_Your task_
Range to output from the entries below: the line containing "Covid percek (2020-11-16)" through the line containing "Lockdowns Slam Stocks". Set it down exactly, ends included, nothing else.

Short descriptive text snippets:

++++

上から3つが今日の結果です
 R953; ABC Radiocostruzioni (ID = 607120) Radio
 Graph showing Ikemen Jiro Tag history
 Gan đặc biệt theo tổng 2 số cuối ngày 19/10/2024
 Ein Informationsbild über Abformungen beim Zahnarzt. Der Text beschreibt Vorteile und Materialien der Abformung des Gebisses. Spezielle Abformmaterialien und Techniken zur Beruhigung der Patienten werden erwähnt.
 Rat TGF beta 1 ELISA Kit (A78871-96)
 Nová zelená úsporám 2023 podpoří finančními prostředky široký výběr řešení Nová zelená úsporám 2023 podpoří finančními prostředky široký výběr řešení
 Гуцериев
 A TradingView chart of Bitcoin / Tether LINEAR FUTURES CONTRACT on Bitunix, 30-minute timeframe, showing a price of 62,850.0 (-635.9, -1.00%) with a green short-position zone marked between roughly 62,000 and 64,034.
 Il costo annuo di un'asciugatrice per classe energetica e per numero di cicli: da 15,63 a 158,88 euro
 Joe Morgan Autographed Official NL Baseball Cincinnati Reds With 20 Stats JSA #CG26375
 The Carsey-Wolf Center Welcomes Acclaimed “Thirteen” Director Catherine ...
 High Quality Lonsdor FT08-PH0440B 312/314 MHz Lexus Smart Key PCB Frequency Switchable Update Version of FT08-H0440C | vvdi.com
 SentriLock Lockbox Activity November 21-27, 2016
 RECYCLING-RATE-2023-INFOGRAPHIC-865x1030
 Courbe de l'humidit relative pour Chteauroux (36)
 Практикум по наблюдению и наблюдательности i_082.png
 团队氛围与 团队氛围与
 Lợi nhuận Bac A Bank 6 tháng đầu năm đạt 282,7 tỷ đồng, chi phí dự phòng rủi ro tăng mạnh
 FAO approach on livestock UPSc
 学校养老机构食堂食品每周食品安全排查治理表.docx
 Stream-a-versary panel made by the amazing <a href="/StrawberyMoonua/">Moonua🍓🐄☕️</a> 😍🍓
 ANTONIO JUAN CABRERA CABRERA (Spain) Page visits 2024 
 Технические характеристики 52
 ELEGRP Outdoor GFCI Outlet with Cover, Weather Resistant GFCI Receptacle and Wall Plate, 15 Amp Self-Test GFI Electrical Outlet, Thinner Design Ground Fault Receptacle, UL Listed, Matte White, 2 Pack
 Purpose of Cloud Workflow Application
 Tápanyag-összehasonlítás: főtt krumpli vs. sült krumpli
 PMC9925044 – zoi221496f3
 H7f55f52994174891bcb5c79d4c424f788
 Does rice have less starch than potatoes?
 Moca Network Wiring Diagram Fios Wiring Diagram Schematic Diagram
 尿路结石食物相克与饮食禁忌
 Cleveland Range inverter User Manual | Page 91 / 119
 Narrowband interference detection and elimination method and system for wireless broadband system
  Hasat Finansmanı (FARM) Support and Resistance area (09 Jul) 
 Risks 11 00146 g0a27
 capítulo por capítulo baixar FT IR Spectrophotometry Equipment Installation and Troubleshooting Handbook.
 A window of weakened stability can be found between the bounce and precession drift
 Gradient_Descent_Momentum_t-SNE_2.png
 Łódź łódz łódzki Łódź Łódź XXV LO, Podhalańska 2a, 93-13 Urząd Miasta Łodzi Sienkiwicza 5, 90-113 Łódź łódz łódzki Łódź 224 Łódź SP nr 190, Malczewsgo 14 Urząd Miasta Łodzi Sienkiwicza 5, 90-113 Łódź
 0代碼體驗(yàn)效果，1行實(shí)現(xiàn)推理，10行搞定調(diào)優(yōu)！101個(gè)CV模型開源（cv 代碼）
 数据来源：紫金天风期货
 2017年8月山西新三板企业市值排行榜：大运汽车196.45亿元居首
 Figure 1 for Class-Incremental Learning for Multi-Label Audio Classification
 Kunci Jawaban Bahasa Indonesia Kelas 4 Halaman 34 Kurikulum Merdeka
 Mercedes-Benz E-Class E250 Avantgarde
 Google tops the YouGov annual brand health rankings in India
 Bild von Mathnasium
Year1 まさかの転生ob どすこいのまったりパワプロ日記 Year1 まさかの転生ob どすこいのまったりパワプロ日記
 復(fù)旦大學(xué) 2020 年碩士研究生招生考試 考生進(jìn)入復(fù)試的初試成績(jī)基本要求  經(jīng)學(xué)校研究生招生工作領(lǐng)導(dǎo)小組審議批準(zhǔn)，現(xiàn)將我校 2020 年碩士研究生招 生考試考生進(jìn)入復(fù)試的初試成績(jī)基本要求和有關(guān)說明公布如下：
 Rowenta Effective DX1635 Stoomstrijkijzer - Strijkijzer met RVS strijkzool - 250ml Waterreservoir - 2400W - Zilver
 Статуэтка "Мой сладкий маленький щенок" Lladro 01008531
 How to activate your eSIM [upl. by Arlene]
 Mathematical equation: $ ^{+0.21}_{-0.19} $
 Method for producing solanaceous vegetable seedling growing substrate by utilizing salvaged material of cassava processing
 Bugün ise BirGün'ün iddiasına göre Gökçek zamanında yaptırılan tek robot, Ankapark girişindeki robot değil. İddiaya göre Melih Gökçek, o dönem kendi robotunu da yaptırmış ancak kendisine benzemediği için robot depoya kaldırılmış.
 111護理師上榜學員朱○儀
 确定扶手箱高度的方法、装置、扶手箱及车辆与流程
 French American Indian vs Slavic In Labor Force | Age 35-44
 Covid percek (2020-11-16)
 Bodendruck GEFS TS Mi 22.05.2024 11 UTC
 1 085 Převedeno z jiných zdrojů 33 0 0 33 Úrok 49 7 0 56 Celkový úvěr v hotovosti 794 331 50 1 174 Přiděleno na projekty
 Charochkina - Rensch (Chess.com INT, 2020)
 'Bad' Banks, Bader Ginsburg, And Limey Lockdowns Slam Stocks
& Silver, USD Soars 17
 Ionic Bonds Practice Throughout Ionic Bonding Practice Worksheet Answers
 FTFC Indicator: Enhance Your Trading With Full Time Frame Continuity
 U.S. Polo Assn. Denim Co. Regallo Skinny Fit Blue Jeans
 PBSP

++++

_Solution to the exercise_
 Covid percek (2020-11-16)
 Bodendruck GEFS TS Mi 22.05.2024 11 UTC
 1 085 Převedeno z jiných zdrojů 33 0 0 33 Úrok 49 7 0 56 Celkový úvěr v hotovosti 794 331 50 1 174 Přiděleno na projekty
 Charochkina - Rensch (Chess.com INT, 2020)
 'Bad' Banks, Bader Ginsburg, And Limey Lockdowns Slam Stocks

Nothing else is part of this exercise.